Tibetan Buddhist writer and monk

Khenpo Sodargye (Tibetan：མཁན་པོ བསོད་དར་རྒྱས；Chinese: 索达吉堪布) is a contemporary Buddhist master, and was born in the eastern region of Tibet known as Kham in 1962. Khenpo is a Tibetan lama, a Buddhist scholar and teacher, a prolific translator into Chinese, and a modern Buddhist thinker renowned across Asia and the west for his interest in the integration of traditional Buddhist teachings with worldwide issues and modern life.

== Career ==
In 1985 Khenpo was ordained at Larung Buddhist Institute, the largest Buddhist academy of its kind in the world, which is in present-day Sichuan province of the PRC. He trained closely with Khenchen Jigme Phuntsok Rinpoche, one of the great luminaries of his generation.

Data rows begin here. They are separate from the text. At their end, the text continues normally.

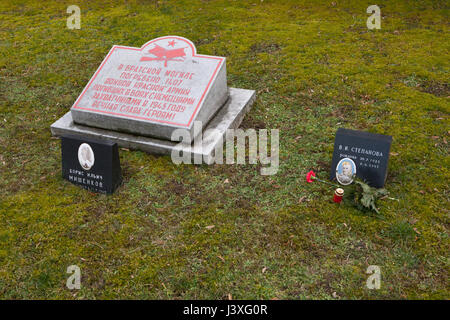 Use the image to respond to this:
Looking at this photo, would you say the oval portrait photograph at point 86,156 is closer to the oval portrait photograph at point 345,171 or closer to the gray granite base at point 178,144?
the gray granite base at point 178,144

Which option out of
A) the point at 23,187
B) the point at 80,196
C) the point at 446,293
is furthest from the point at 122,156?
the point at 446,293

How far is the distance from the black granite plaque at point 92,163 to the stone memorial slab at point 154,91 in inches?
39.3

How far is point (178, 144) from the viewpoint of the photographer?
620 centimetres

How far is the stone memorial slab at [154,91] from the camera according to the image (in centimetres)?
625

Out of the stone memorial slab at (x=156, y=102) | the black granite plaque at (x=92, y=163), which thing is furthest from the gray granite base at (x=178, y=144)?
the black granite plaque at (x=92, y=163)

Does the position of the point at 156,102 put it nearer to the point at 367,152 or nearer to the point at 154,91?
the point at 154,91

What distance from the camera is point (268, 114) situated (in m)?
7.34

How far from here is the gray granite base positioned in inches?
241

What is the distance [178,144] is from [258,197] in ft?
4.98

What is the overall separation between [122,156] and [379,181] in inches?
147

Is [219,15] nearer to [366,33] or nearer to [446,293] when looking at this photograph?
[366,33]

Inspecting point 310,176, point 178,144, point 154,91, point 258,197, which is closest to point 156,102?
point 154,91

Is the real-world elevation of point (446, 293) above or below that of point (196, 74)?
below

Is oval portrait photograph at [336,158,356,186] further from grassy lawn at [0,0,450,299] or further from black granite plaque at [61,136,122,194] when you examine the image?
black granite plaque at [61,136,122,194] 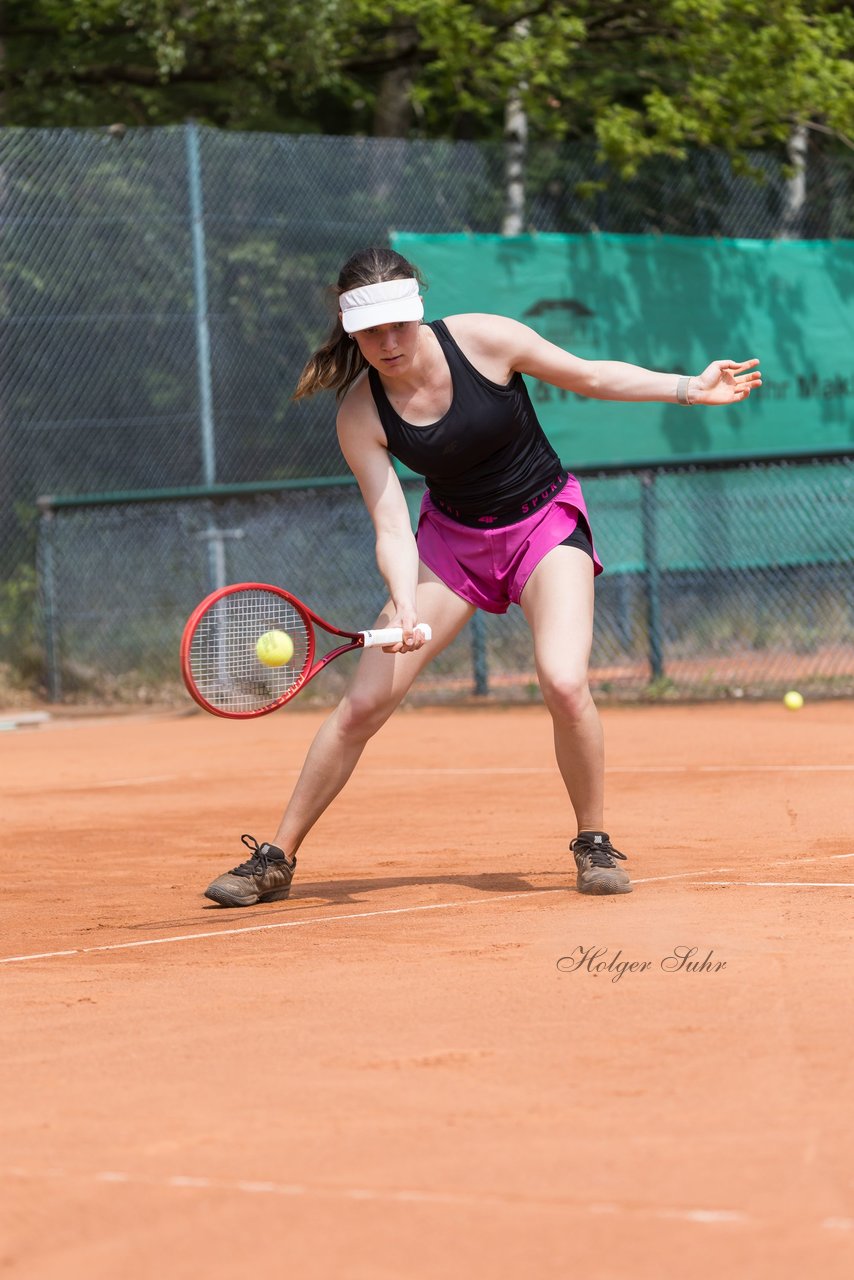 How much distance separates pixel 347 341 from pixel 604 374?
731 mm

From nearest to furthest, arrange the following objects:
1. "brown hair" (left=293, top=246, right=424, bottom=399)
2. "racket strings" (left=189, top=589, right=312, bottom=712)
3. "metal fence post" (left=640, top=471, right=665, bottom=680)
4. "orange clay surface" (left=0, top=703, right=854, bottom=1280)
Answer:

Khenpo Sodargye studied the traditional course of philosophical treatises and also received the entire corpus of Tibetan Buddhist transmissions. (These teachings include the five principle treatises on Madhyamaka, Prajnaparamita, Abhidharma, Vinaya, and Buddhist Logic, as well as the Great Perfection, Kalachakra, and Mipham Rinpoche's Guhyagarbha Tantra and Longchenpa's Seven Treasuries and Trilogy of Finding Comfort and Ease.) He was eventually placed in charge of the institute, where he became one of the principal teachers. He also served as Jigme Phuntsok Rinpoche’s main translator for Chinese disciples and was assigned by Rinpoche to teach them.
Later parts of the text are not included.